Lalu, kenapa dilaksanakan pada tengah malam (nisful lail)?. Banyak para agamawan dengan dasar dalil yang mereka nukil dari Al-Qur’an, hadist tentang keutamaan dan keistimewaan waktu malam, juga kisah-kisah teladan keutamaan ibadah pada malam hari. Misalnya kisah Imam Syafi’I dan Imam Ahmad bin Hambal sebagaimana diceritakan KH. Bahauddin Nur Salim (Gus Baha), di channel kalam-kajian Islam. Imam Ahmad bin Hambal sangat menghormati Imam Syafi’I dengan memberikan sebutan faqihus-sunnah (orang yang faham sunnah nabi SAW). Hal itu membuat putri Imam Ahmad bin Hambal merasa heran dengan sikap ayahnya yang setiap malam tidak pernah kurang beribadah sholat malam sebanyak 200 rakaat.
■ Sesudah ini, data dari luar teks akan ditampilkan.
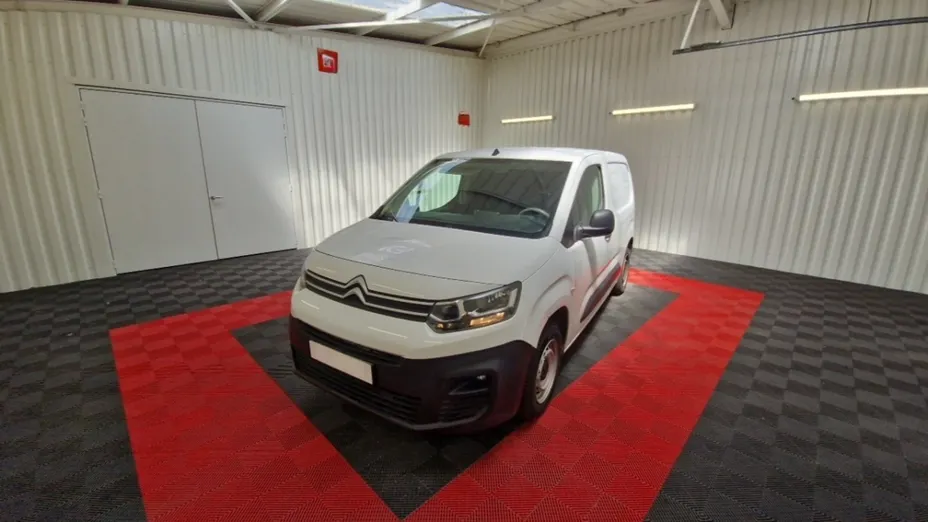 CITROEN Berlingo -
Pada satu malam sang putri Imam Ahmad bin Hambal mengintip apa yang dilakukan oleh Imam Syafi’i. Sang putri ingin membuktikan apakah ibadah malam yang dilakukan Imam Syafi’I lebih hebat dari ayahnya. Ternyata sang putri Imam Ahmad menyaksikan, setelah shalat Isya’ Imam Syafi’i duduk di kursi sambil memegang kepala, habis itu tidur, tiba-tiba bangun lagi sambil memegang kepalanya, lalu tidur lagi, sampai waktu subuh.
Sang putri-pun menceritakan apa yang dilihatnya tersebut, lalu siangnya, Imam Ahmad bin Hambal menanyakan hal itu kepada Imam Syafi’i. “Iya benar, tadi malam saya berpikir 63 masalah. Makanya, saya memegang kepala terus. Baru 43 masalah yang terjawab, sisanya belum ketemu jawabannya,” jawab Imam Syafi’i.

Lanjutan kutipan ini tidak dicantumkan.